[Saved data entries]
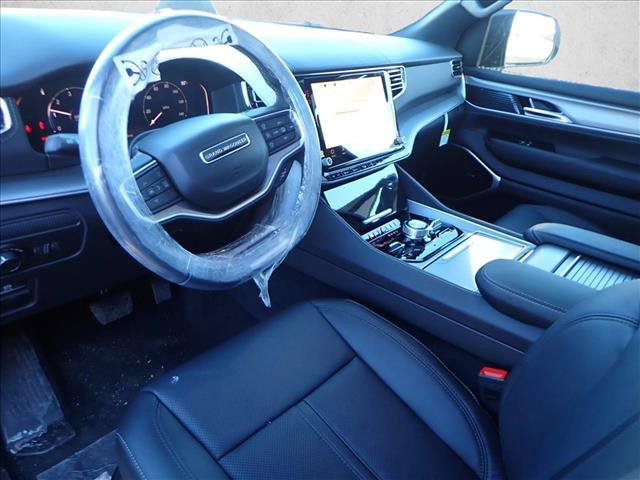 New 2026 Jeep Grand Wagoneer Limited image 11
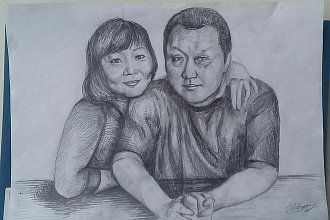 Выполню портрет в любом формате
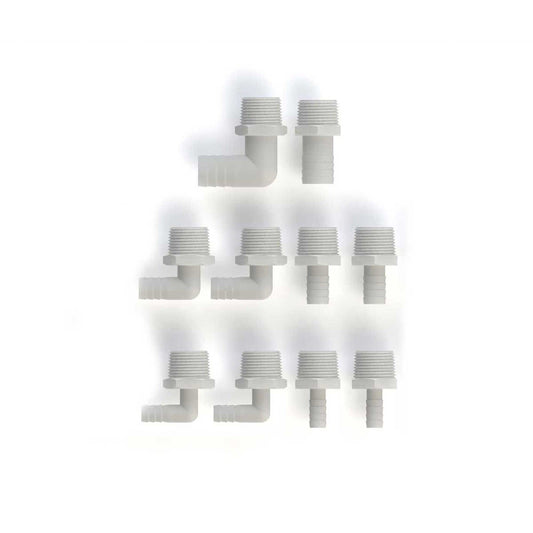 AOFS Engine Setup Fittings Kit | Reverso 35-3955-02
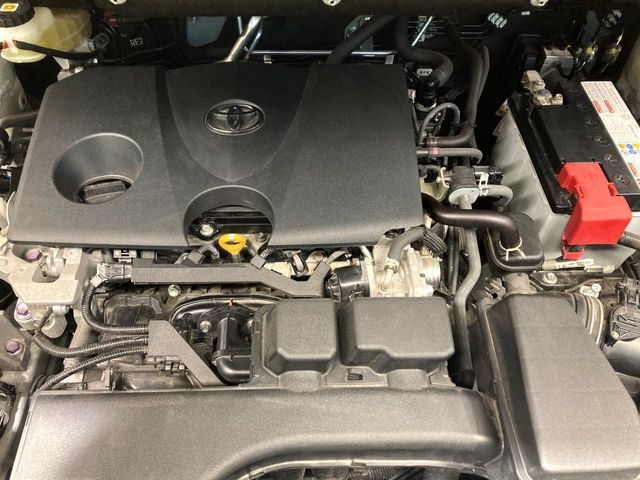 TOYOTA HARRIER 2WD 2020 Image 31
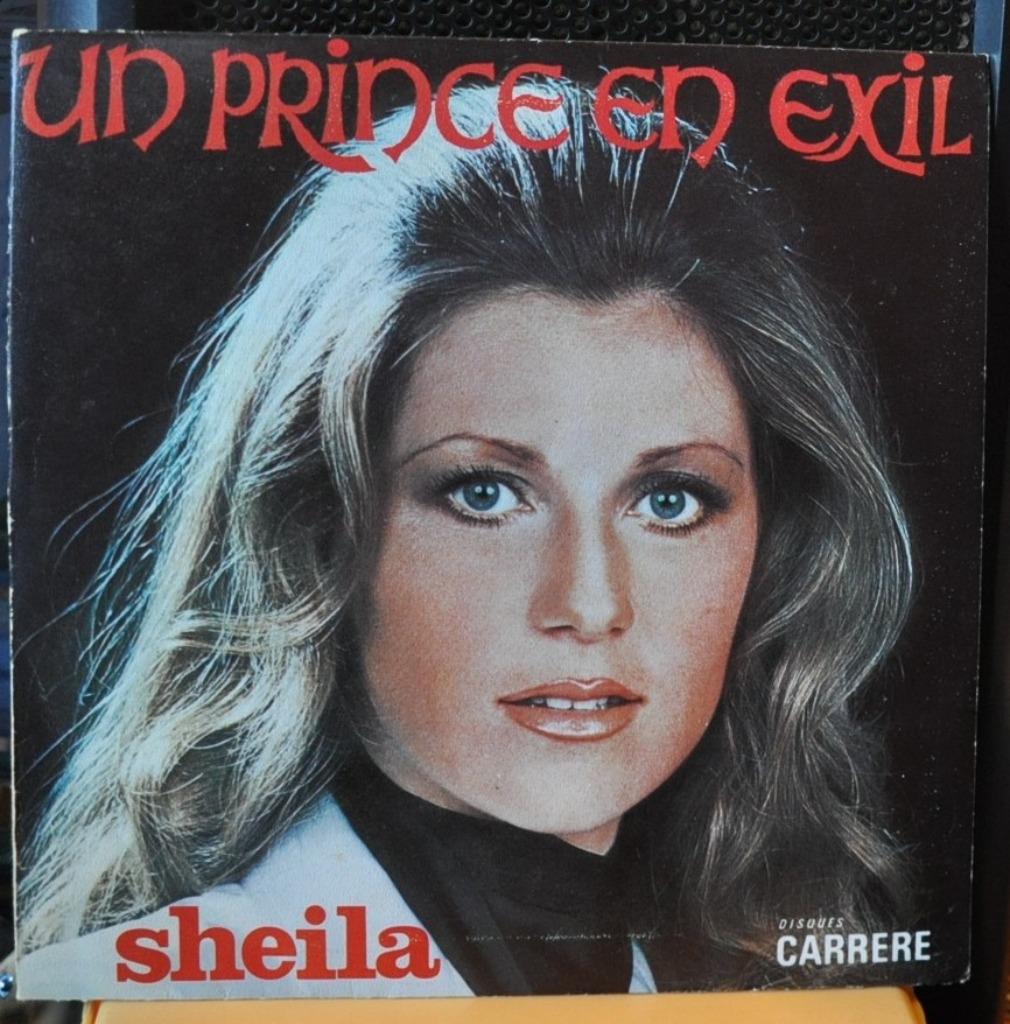 vinyl 45 tours vintage sheila (x20263), Enlèvement ou Envoi, Utilisé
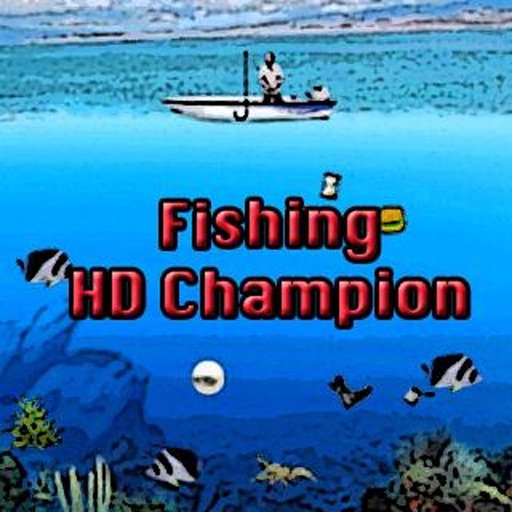 Fishing HD Champion截图3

* **Work required**
Starting at the line containing "TOYOTA HARRIER 2WD 2020 Image 31", output every remaining line of the records above exactly, the last one included. Nothing else belongs in the output, and no pictures either.

* **Solution for this task**
 TOYOTA HARRIER 2WD 2020 Image 31
 vinyl 45 tours vintage sheila (x20263), Enlèvement ou Envoi, Utilisé
 Fishing HD Champion截图3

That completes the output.